Zwana także niewidzialną ręką rynku, co okazuje się być dostrzegalna chociaż zupełnie przemilczana.
Wtórując panu Cezaremu Mechowi http://mech.nowyekran.pl/post/68125,nawet-na-ne-wyciszona-afera wspomnę o czymś co wskazuje, że sterowanie gospodarką leży poza sferą rządowo-polityczną. A temat udaje się utrzymać „pod korcem” właśnie przez konsekwentne milczenie nawet skrajnie przeciwnych ugrupowań ze stowarzyszonymi mediami.

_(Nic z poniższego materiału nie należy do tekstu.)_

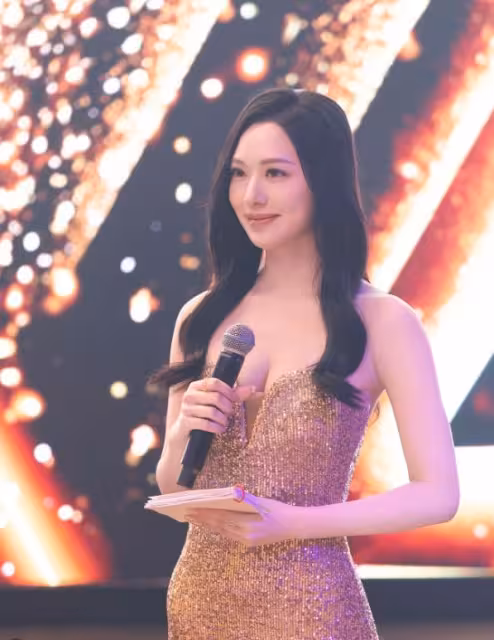 TVB花旦首次拍內衣廣告!大曬震撼眼球事業線!坦言:渾身不自在!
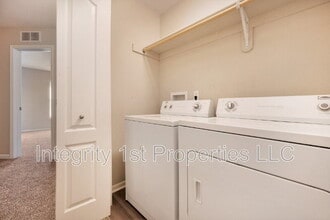 5920 NW 91st St in Kansas City, MO - Building Photo - Building Photo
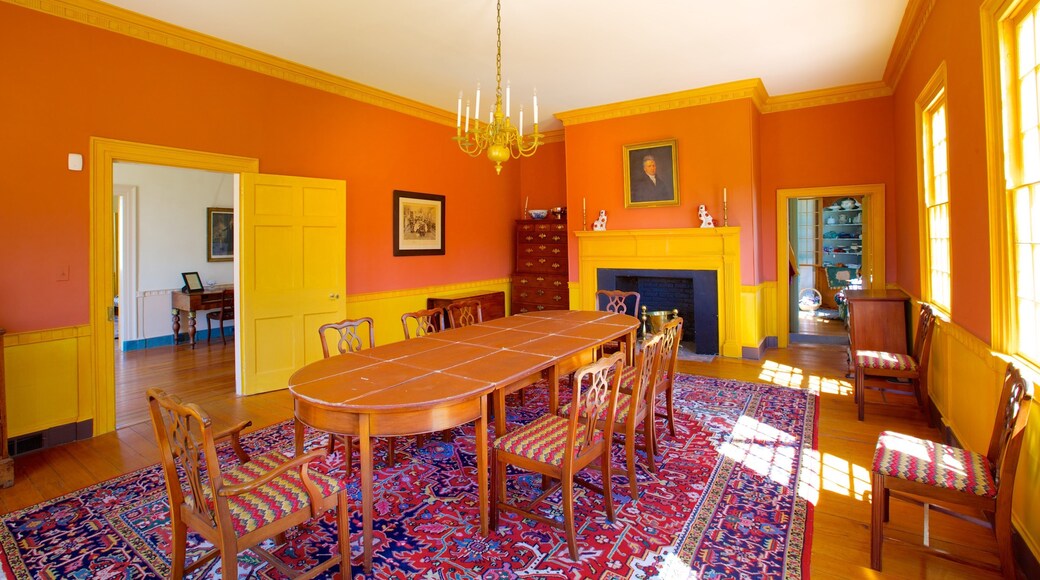 Poplar Hill Mansion showing interior views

Kto i jak ustał kurs złotego w latach 89 – 2000, czyli do ustalenia kursu płynnego jako wymogu wejścia do UE?
Rzecz dotyczy czasów kiedy Balcerowicz co trzecie zdanie powtarzał „niewidzialna ręka rynku”, kiedy ten jak najbardziej zależy od kursu złotego co np. wpływa na rentowność kluczowo ważnej dziedziny jaką jest eksport.
Zatem czy ówczesny kurs złotego to owa „niewidzialna ręka rynku” w domyśle popyt i podaż?

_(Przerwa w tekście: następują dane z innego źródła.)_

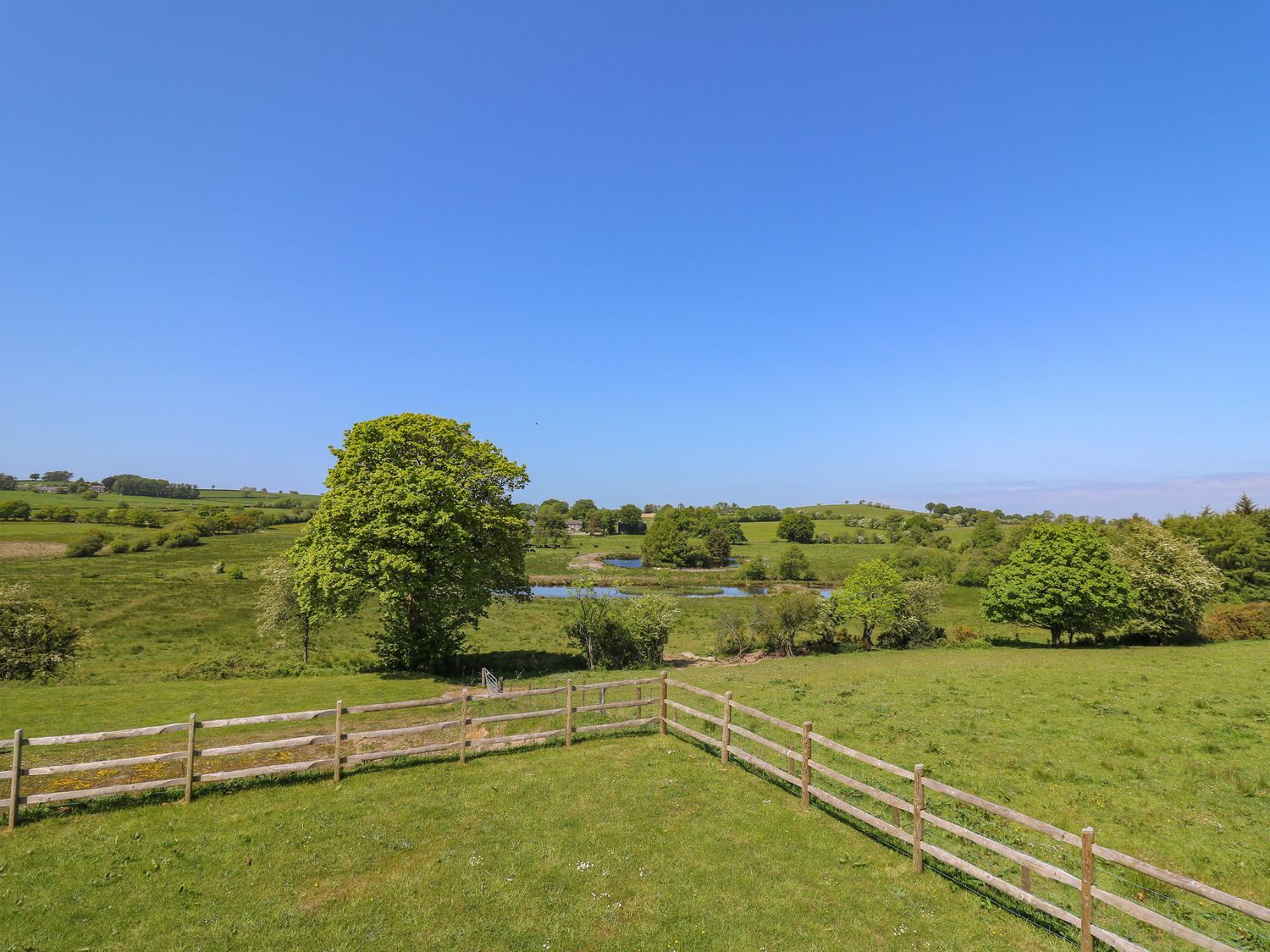 Yr Adfa in Llangeitho, Ceredigion. Family and pet-friendly. Hot tub. Barbecue. Woodburning stove. TV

USTAWA z dnia 29 sierpnia 1997 r.
o Narodowym Banku Polskim
Art. 24. 1. NBP realizuje politykę walutową ustaloną przez Radę Ministrów w
porozumieniu z Radą.
2. Zasady ustalania kursu złotego w stosunku do walut obcych ustala Rada Ministrów w
porozumieniu z Radą.
3. NBP ogłasza bieżące kursy walut obcych oraz kursy innych wartości dewizowych.

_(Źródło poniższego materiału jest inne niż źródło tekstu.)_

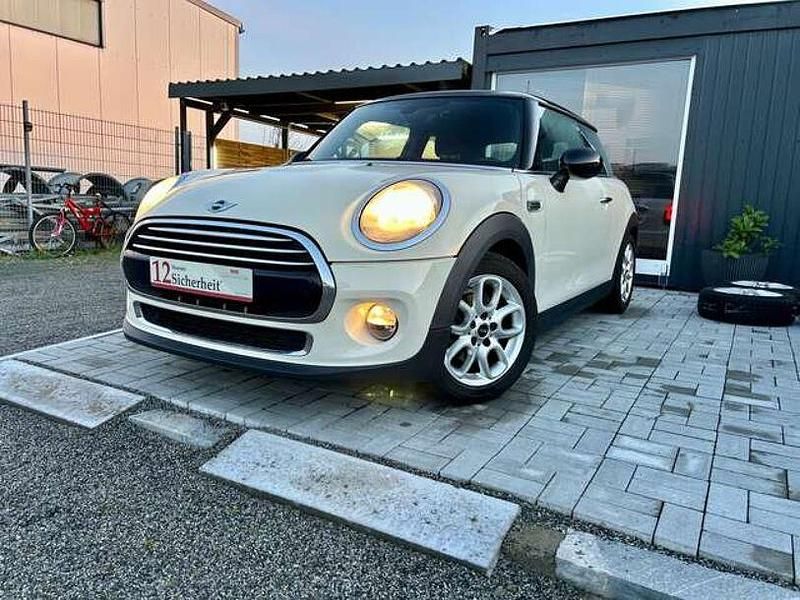 Gebraucht Mini Cooper Pepper 136 PS (100 kW) 2014 Pepper white Kleinwagen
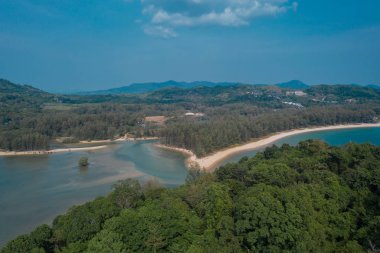 Phuket, Tayland 'daki tropikal Layan Sahili' nin insansız hava aracı görüntüsü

Ustawa z dnia 31 stycznia 1989 r. o Narodowym Banku Polskim.
Art. 39. 1. Zasady ustalania i stosowania podstawowego kursu złotego w stosunku do walut obcych ustala Rada Ministrów, a podstawowy kurs złotego ustala Prezes NBP, w porozumieniu z Ministrem Finansów i Ministrem Współpracy Gospodarczej z Zagranicą.
2. Bieżące kursy walut obcych w złotych ustala i ogłasza Prezes NBP.
* * * * *
Tak więc odbywa się to praktycznie jednoosobowo! Skąd więc medialne mydlenie oczu, że to na podstawie kursów wymiany międzybankowej itp. I skąd w takim razie oskarżanie spekulantów o zaniżanie kursu złotego? Widać jak zarysowuje się wyraźna a przemilczana możliwość sztucznego sterowania gospodarką.
Kiedy już te wstydliwie skrywane, fałszywe metody nie dadzą się zastosować, wówczas okazuje się, iż korporacje są tak potężne, że znakomicie spełniają rolę sterowników gospodarką , a przy tym już jawnie nazywa się takie sterowanie normalnym wynikiem zachowań rynku.
Ogólny wniosek jest taki, że ośrodek realnej władzy wcale nie leży w krajowej polityce tylko gdzieś dużo, dużo wyżej. Zaś głównym zadaniem tej polityki jest faktycznie tworzenie pozorów demokracji.